Istanbul and Washington are the centers of the Uyghur National Movement in exile. Shinzo Abe, the late former prime minister of Japan, was the most supportive world leader for Uighurs.

“Shinzo Abe was a friend of the oppressed and an enemy of injustice,” World Uyghur Congress (WUC) president Rebiya Kadeer said in a condolence message posted online on July 10.

Siding with the world’s most oppressed nation requires a strong sense of justice from a nation’s leader. It also takes great courage to speak out against one of the world’s most violent national leaders — Chinese President Xi Jinping (習近平) — and recount his mistakes to his face. Kadeer believed Abe cultivated these qualities in himself and contributed not only to the prosperity of Japan, but also to worldwide peace, calling him a “wise, courageous, far-sighted statesman.”

Leaders of Central Asian countries to which Uighurs trace their ancestry have deported, and even murdered, Uighur activists at China’s request. Leaders of Muslim brothers of the Uighurs, such as Egypt and Pakistan, have handed over thousands of Uighur students to China. Cambodia, Thailand and Malaysia have also competed for Chinese money by deporting Uighur refugees.

In a written statement, WUC president Dolkun Isa said that Abe “was a genuine ally of the Uyghur people… He helped create the Uyghur Friendship Group in the Japanese Parliament, which is one of the largest parliamentary groups of the Uyghurs in the world today.”

Abe was noted for his frequent meetings with Uighur activists around the world. News archives include photographs of him with dozens of prominent Uighur activists, including Kadeer, Isa, WUC Executive Committee chairman Omer Qanat and Seyit Tumturk. All are considered criminals by China.

Abe was able to show the courage to accept “dangerous” activists that leaders in other countries did not accept because he understood what China is and the threat it poses to the world. He had not forgotten that the Chinese Communist Party had retained its power by suppressing the country’s citizens with tanks in the 1989 Tiananmen Square Massacre.

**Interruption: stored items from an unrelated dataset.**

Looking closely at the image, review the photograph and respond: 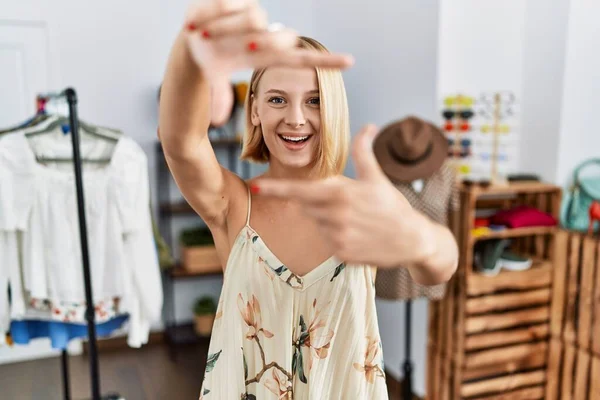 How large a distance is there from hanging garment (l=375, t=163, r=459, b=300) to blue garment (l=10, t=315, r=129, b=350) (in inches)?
39.2

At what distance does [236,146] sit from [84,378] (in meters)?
1.56

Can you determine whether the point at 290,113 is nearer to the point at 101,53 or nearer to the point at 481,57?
the point at 481,57

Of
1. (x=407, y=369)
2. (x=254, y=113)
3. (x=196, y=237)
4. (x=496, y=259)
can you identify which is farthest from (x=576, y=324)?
(x=196, y=237)

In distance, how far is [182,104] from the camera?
583 millimetres

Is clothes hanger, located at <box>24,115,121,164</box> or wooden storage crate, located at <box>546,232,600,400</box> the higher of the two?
clothes hanger, located at <box>24,115,121,164</box>

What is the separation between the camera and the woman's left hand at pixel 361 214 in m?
0.44

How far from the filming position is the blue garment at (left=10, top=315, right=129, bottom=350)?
179cm

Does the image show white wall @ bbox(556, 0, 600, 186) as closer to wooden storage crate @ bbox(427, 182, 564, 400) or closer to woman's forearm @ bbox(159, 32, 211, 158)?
wooden storage crate @ bbox(427, 182, 564, 400)

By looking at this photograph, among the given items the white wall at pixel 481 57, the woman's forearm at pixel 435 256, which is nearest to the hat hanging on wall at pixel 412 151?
the white wall at pixel 481 57

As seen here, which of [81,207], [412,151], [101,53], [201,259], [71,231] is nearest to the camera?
[81,207]

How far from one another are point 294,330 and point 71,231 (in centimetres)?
130

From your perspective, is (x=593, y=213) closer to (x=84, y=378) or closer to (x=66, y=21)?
(x=84, y=378)

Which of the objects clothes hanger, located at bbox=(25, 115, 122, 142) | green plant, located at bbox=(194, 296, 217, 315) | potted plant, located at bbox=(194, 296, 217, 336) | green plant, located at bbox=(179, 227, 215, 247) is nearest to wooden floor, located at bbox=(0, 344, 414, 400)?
potted plant, located at bbox=(194, 296, 217, 336)

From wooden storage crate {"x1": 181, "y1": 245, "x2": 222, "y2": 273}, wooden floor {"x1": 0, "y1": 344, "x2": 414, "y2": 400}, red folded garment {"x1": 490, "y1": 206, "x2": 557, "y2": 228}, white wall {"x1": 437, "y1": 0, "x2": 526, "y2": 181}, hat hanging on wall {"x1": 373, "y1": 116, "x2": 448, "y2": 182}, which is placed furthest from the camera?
wooden storage crate {"x1": 181, "y1": 245, "x2": 222, "y2": 273} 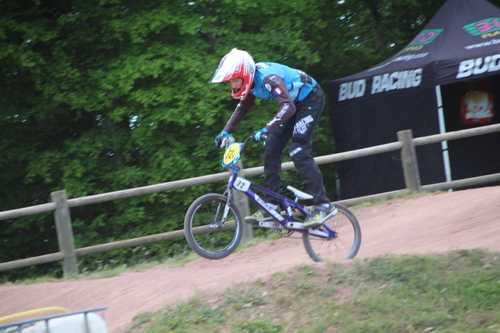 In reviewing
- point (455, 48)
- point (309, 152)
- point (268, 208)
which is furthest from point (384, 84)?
point (268, 208)

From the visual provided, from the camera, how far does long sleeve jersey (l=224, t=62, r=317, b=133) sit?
212 inches

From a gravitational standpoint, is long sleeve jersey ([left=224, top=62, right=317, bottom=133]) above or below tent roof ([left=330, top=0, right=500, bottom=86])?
below

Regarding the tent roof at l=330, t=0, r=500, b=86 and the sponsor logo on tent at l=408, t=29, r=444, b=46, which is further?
the sponsor logo on tent at l=408, t=29, r=444, b=46

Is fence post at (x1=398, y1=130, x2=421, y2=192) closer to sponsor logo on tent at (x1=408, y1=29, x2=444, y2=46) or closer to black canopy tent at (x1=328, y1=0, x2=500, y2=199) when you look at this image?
black canopy tent at (x1=328, y1=0, x2=500, y2=199)

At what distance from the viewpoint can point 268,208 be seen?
5.81 m

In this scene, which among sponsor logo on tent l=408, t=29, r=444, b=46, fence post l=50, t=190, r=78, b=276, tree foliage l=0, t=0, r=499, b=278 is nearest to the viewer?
fence post l=50, t=190, r=78, b=276

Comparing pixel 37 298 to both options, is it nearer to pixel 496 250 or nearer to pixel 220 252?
pixel 220 252

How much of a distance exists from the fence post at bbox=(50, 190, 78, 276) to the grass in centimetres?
362

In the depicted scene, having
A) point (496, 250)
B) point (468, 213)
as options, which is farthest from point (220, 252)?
point (468, 213)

More importantly, he was able to perceive the threat China represents to Japan.

Kutluk Kadeer, who teaches English literature in the Department of Economics and Humanities at the International University of Kagoshima, Japan, talked of the strategic aspect of Abe’s closeness to Uighur activists in addition to the humanitarian point.

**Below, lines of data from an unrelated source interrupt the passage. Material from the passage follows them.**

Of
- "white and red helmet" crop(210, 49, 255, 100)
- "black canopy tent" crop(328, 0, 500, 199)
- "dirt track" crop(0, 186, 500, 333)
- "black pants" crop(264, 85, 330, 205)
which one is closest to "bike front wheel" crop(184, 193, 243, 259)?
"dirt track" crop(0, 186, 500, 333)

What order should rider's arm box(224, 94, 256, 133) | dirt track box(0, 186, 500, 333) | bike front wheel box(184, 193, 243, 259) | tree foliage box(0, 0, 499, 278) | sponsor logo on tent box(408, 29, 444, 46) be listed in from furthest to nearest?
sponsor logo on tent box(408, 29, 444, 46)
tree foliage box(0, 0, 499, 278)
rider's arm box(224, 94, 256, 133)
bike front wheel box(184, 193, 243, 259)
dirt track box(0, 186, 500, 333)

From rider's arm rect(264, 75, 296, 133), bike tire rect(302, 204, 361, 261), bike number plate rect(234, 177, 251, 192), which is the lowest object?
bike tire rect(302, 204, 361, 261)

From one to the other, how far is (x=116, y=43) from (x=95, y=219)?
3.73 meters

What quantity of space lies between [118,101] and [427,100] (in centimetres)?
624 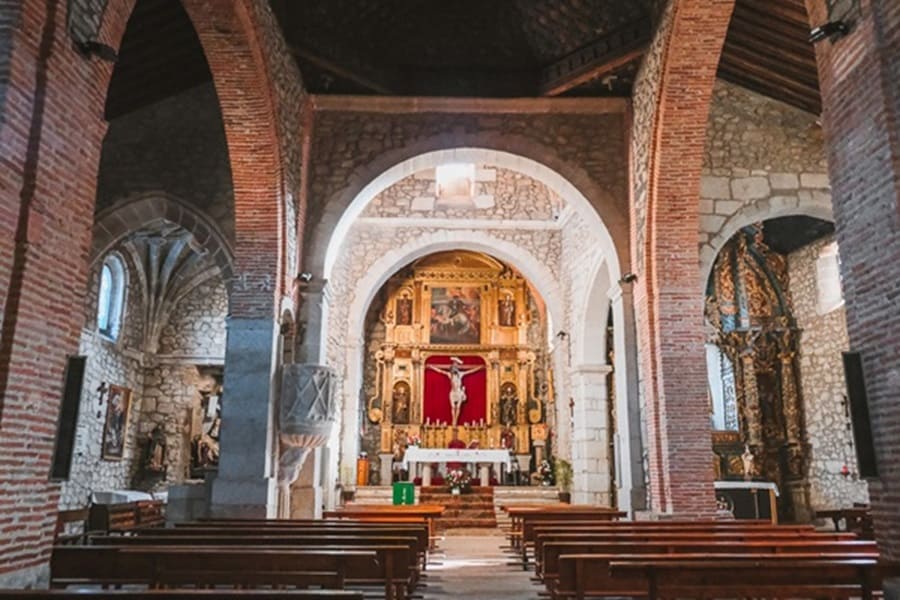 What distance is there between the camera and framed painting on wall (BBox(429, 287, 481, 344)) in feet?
74.4

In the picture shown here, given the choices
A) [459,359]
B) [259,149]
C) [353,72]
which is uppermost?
[353,72]

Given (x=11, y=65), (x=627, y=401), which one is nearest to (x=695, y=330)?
(x=627, y=401)

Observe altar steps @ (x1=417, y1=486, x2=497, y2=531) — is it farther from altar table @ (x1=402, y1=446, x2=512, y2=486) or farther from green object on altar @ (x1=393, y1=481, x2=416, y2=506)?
green object on altar @ (x1=393, y1=481, x2=416, y2=506)

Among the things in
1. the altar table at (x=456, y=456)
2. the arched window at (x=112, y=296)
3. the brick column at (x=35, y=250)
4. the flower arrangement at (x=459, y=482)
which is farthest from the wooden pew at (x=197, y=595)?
the altar table at (x=456, y=456)

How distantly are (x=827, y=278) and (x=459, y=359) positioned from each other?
34.4ft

“We know from China’s propaganda and policies that its two most dangerous enemies at home are the Uyghurs and the Tibetans; the two most dangerous enemies abroad are the US and Japan,” he said. “Because it has power, China is committing genocide and assimilation of the Uighurs and Tibetans; because it lacks power, China is grinding its teeth and waiting to take action against the US and Japan.”

Abe’s legacy is having created a balanced military position between Japan’s World War II aggression and post-war pacifism. To make this balance, Abe formed the Quadrilateral Security Dialogue, set up the Japanese National Security Council, and changed the words and tone of the Murayama Statement. He also upheld the value of human rights by supporting the Uighur cause.

Abe’s special efforts not to ignore the Uighur situation and to encourage Uighur activists to take their case to the international stage was an attempt to create a balance between China and the captured nations within China.

Abe was a leader of balance and a role model for shaping the world power balance. His closeness to and support for Uighurs was another manifestation of this legacy.

Kok Bayraq is a Uighur American.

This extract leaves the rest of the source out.